実は、あまり知られていませんがカルシウムやビタミンDも大腸がん予防にはよい栄養素とされています。

しらす、いわしはカルシウムもビタミンDも含む食材とされているため、大腸がんを予防するためには万能な食材といえるでしょう。

バランスのいい食事はサプリメントでは取れない栄養素が摂取できるといったメリットもあります。

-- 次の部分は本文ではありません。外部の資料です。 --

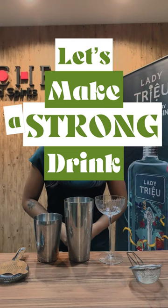Now let's make a strong drink. We'll start off with 45 ml of Lady Chu Contemporary Vietnam Gin, a gin made with botanicals from several different regions in Vietnam, including some flavors like kumquat, jasmine, oolong tea, and hibiscus roselle.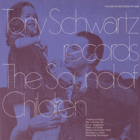Hello there. This is Tony Schwartz speaking. As a child, I remember hearing the expression, children should be seen and not heard. And in a way, I felt the people that said this really never listened to children. I personally like listening to people, and I find listening to children a wonderful experience, and I like to record children.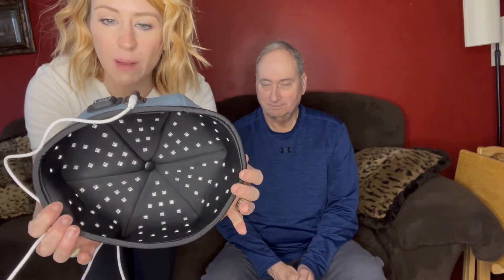Hey guys, so we're here and I want to take a couple minutes and talk to you all about this hair cap. This is going to be a red light therapy cap, and you can see what the inside of it looks like.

外食が続いている方、食事のバランスを気にしていない方は、まずは食生活を見直してみてはいかがでしょうか。

4. 大腸がんの症例

実際の進行大腸がんの症状をお伝えいたします。

重要なキーワードは

・便潜血陽性
・血便 

・原因不明の貧血

です。

この症状がある方は専門の医療機関で、大腸内視鏡検査をすぐに行うことをおすすめいたします。

進行大腸がんになる前に……。

4-1. 50歳代の男性

数ヶ月前からティッシュに血液が付着することがあり、便潜血検査を受けたところ陽性でした。

大腸内視鏡検査を受けたところ進行大腸がんが発見されました。

4-2. 60歳代男性

5ヶ月前の便潜血検査では陰性でした。
しかし検診でヘモグロビン9.7g/dlと貧血を認めたため、初めて大腸内視鏡検査を受けてがんが発見されました。
盲腸に進行がんを見つけました。

4-3. 70歳代男性

4ヶ月前と2ヶ月前に1回ずつ便に血が混じることがあり、初めて大腸内視鏡検査を受け、進行大腸がんが発見されました。

5. まとめ

現在、日本において罹患率、死亡率が上昇している大腸がんは、他のがんに比べると症状が出にくく、痛みがないことから発見が遅れがちです。
もしものことを考え、定期的に大腸がん検査を行うことをおすすめします。

ただし、「原因不明の貧血」「血便」などの症状が見受けられる場合は、すぐに病院を受診しましょう。「そのうち病院で診てもらおう」と思っていると最悪の場合、進行してから大腸がんが発覚する場合もあります。

早期発見するためにも、わずかな体調の変化にも敏感になることが大切です。